Par ailleurs, un détour sur le continent nous édifie, à plus d’un titre, sur le rôle assez prépondérant joué ces derniers temps dans le dégel des crises et tensions socio-politiques par le Saint siège. Comme par hasard, c’est après la visite du Pape au Maroc, pays stratégique et bras occidental dans le Maghreb, que survint le changement de donne en Algérie. L’éviction d’Omar El Béchir est survenu au lendemain de l’engagement ferme pour une paix des braves obtenu entre les frères ennemis du Sud soudan, sous l’égide du Vatican, il est donc fort probable que cette visite de Faure au Vatican ait un sens plus profond qu’on le prétend. Mieux, une convocation ou un voyage de plaidoirie déguisée en visite de travail du chef de l’Etat togolais au Saint Siège.

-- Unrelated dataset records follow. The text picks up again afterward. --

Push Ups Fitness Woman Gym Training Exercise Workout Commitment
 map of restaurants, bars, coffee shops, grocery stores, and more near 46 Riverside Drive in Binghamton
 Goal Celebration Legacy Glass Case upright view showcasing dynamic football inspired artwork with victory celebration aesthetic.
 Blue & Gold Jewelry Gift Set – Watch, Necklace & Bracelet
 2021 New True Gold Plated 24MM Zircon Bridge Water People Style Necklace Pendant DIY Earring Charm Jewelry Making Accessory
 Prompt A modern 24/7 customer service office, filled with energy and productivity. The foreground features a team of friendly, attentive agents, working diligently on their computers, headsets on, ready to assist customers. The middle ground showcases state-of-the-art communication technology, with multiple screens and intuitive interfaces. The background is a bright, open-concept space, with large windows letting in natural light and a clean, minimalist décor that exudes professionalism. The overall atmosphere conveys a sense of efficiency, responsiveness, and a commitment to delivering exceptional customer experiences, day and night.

Hypothèse encore plus plausible lorsqu’on se rappelle surtout que la libération de Pascal Bodjona est survenue juste après le détour de Faure au Vatican, en Janvier 2016. Et dès lors, il n’y a point à douter sur la démarche du Pape, si pointilleux sur la promotion de la paix, de la Justice sociale et de l’apaisement à travers le monde. Mais alors, resterait-il silencieux devant le cas ronflant de Kpatcha Gbassingbé, le demi-frère de Kpatcha écroué en prison depuis plus de dix ans déjà, dans l’affaire de “tentative d’atteinte à la sûreté de l’Etat” ? Surtout que, comme sur la question de l’alternance en 2020, l’archevêque Emérite Kpodzro s’est aussi illustré sur ce dossier et sur celui des détenus politiques. La probabilité du silence du Vatican sur ces sujets est bien faible. Pour ne pas dire impossible !
On attend de voir dans les jours à venir.